In April 2020, the Financial Accounting Standards Board (“FASB”) staff issued a question and answer document (the “Lease Modification Q&A”) focused on the application of lease accounting guidance to lease concessions provided as a result of the COVID-19 pandemic. Under existing accounting lease guidance under ASC 842, the Company would have to determine, on a lease by lease basis, if a lease concession was the result of a new arrangement reached with the tenant (treated within the lease modification accounting framework) or if a lease concession was under the enforceable rights and obligations within the existing lease agreement (precluded from applying the lease modification accounting framework). The Lease Modification Q&A allows the Company, if certain criteria have been met, to bypass the lease by lease analysis, and instead make an accounting policy election to account for COVID-19 related lease concessions as either a lease modification or a negative variable adjustment to rental revenue. The Lease Modification Q&A allows the Company to determine accounting policy elections at a disaggregated level, and the elections should be applied consistently by either the type of concession or another reasonable disaggregated level. We have evaluated and elected to apply the Lease Modification Q&A to eligible lease concessions. We applied modification accounting to individual leases that are in bankruptcy and those that did not qualify for the concession. As a result, for leases not treated as a lease modification we have made the following policy elections by the type of concession agreed to with the respective tenant.

Rent Deferrals

We will account for rental deferrals using the receivables model as described within the Lease Modification Q&A. Under the receivables model, we will continue to recognize lease revenue in a manner that is unchanged from the original lease agreement and continue to recognize lease receivables and rental revenue during the deferral period.

Rent Abatements

We will account for rental abatements as negative variable adjustments to rental revenue as described within the Lease Modification Q&A. We will recognize negative variable rent for the current period reduction of rental revenue associated with any lease concessions we provide.
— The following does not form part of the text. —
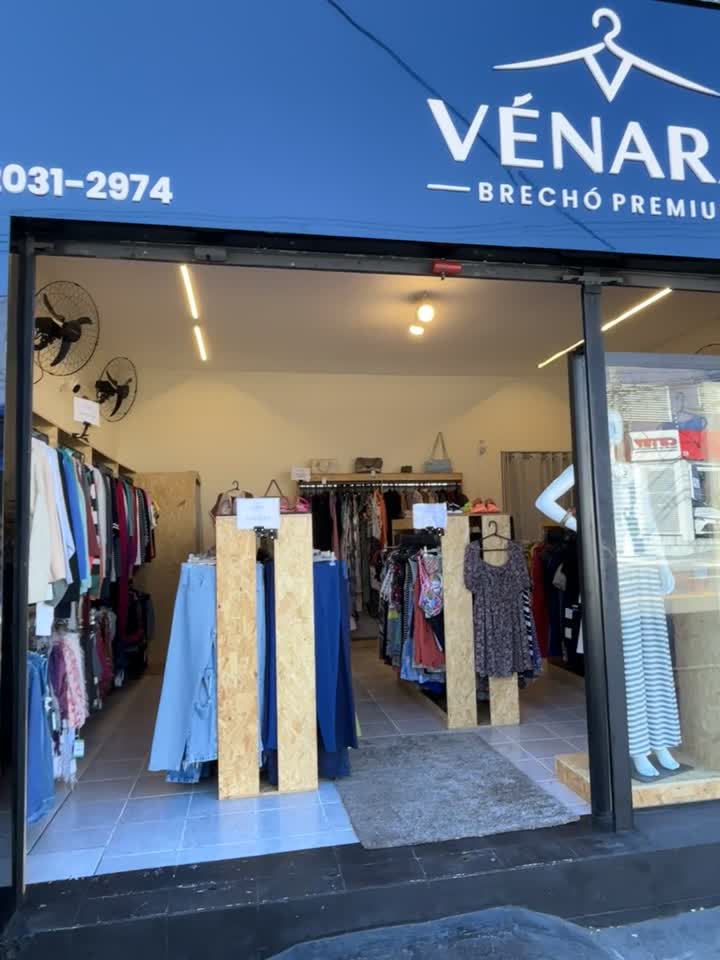Fachada da Vénara São Miguel na Av. Nordestina, 23 — letreiro Vénara Brechó Premium e vitrines com araras e manequim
See Notes 2 and 3, for additional details on the impact of the Lease Modification Q&A on the Company’s consolidated financial statements.
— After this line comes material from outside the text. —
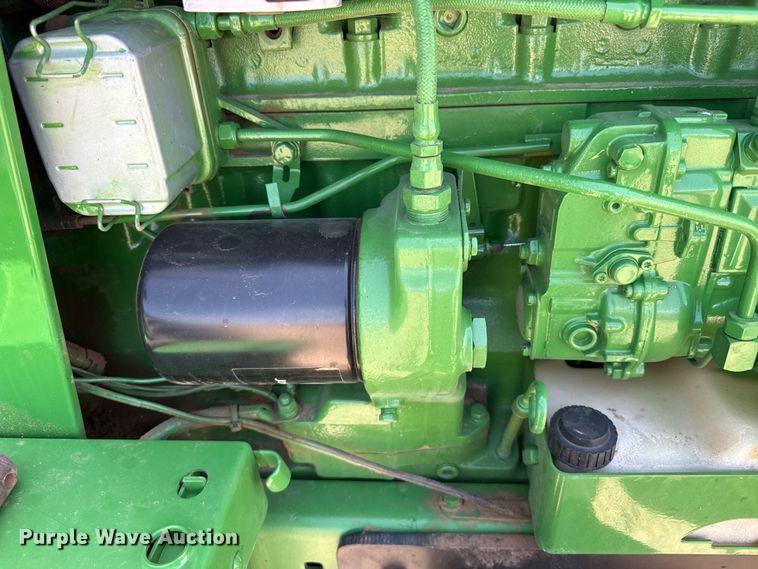 image for item EW4090 1991 John Deere 4455 tractor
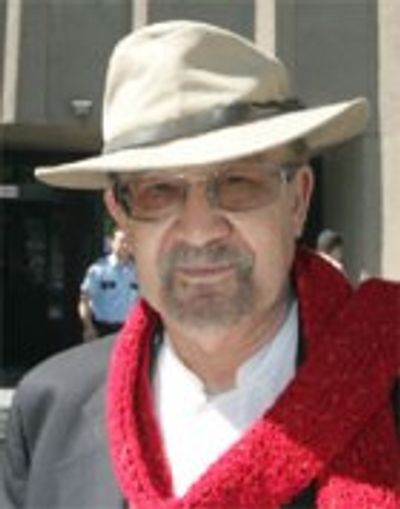 Yalçın Küçük portre fotoğrafı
In August 2018, the FASB issued ASU 2018-13, Fair Value Measurement (Topic 820): Disclosure Framework - Changes to the Disclosure Requirements for Fair Value Measurement. ASU 2018-13 is intended to improve the effectiveness of disclosures required by entities regarding recurring and nonrecurring fair value measurements. ASU 2018-13 is effective for reporting periods beginning after December 15, 2019, with early adoption permitted. The adoption of ASU 2018-13 did not have a material impact on our consolidated financial statements.

In June 2016, the FASB issued ASU No. 2016-13 to amend the accounting for credit losses for certain financial instruments. Under the new guidance, an entity recognizes its estimate of expected credit losses as an allowance, which the FASB believes will result in more timely recognition of such losses. In November 2018, the FASB released ASU No. 2018-19 “Codification Improvements to Topic 326, Financial Instruments - Credit Losses.” This ASU clarifies that receivables arising from operating leases are not within the scope of Subtopic 326-20 “Financial Instruments - Credit Losses.” Instead, impairment of receivables arising from operating leases should be accounted for under Subtopic 842-30 “Leases - Lessor.” ASU 2016-13 is effective for fiscal years beginning after December 15, 2019, including interim periods within those fiscal years. The adoption of this new guidance did not have a material impact on our consolidated financial statements.